Pada tanggal 6 Ramadhan 1366 H. jam 9 malam, setelah mengimami shalat Tarawih, sebagaimana biasanya KH. Hasyim Asy’ari duduk di kursi untuk memberikan pengajian kepada ibu-ibu muslimat. Tak lama kemudian, tiba-tiba datanglah seorang tamu utusan Jenderal Sudirman dan Bung Tomo. Sang Kiai menemui utusan tersebut dengan didampingi Kiai Ghufron, kemudian tamu itu menyampaikan pesan berupa surat. Entah apa isi surat itu, yang jelas Kiai Hasyim meminta waktu semalam untuk berfikir dan jawabannya akan diberikan keesokan harinya.

Namun kemudian, Kiai Ghufron melaporkan situasi pertempuran dan kondisi pejuang yang semakin tersudut, serta korban rakyat sipil yang kian meningkat.

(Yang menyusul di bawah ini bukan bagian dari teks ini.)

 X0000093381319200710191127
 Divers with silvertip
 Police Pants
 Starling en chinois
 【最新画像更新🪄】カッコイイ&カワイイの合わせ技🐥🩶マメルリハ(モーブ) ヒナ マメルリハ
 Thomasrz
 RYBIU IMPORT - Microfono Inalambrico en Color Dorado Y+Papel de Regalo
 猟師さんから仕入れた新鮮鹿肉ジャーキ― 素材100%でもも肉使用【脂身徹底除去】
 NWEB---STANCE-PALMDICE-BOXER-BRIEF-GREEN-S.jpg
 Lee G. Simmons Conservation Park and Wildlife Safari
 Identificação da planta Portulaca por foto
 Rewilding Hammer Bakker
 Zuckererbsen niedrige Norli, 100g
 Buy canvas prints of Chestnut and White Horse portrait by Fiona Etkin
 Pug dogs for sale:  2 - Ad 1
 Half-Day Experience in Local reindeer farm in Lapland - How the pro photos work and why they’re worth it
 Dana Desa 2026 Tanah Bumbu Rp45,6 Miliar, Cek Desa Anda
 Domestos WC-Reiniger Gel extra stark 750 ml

Mendengar laporan itu, Kiai Hasyim berkata, “Masya Allah, Masya Allah…” kemudian beliau memegang kepalanya dan ditafsirkan oleh Kiai Ghufron bahwa beliau sedang mengantuk. Sehingga para tamu pamit keluar. Akan tetapi, beliau tidak menjawab, sehingga Kiai Ghufron mendekat dan kemudian meminta kedua tamu tersebut untuk meninggalkan tempat, sedangkan dia sendiri tetap berada di samping KH. Hasyim Asy’ari. Tak lama kemudian, Kiai Ghufron baru menyadari bahwa Kiai Hasiyim tidak sadarkan diri. Sehingga dengan tergopoh-gopoh, ia memanggil keluarga dan membujurkan tubuh Kiai Hasyim. Pada saat itu, putra-putri beliau tidak berada di tempat, misalnya Kiai Yusuf Hasyim yang pada saat itu sedang berada di markas tentara pejuang, walaupun kemudian dapat hadir dan dokter didatangkan (Dokter Angka Nitisastro).

Tak lama kemudian baru diketahui bahwa KH. Hasyim Asy’ari terkena pendarahan otak. Walaupun dokter telah berusaha mengurangi penyakitnya, namun Allah SWT berkehendak lain pada kekasihnya itu. Hadratus Syaikh Hasyim Asy’ari wafat pada pukul 03.00 pagi, tanggal 25 Juli 1947, bertepatan dengan tanggal 6 Ramadhan 1366 H.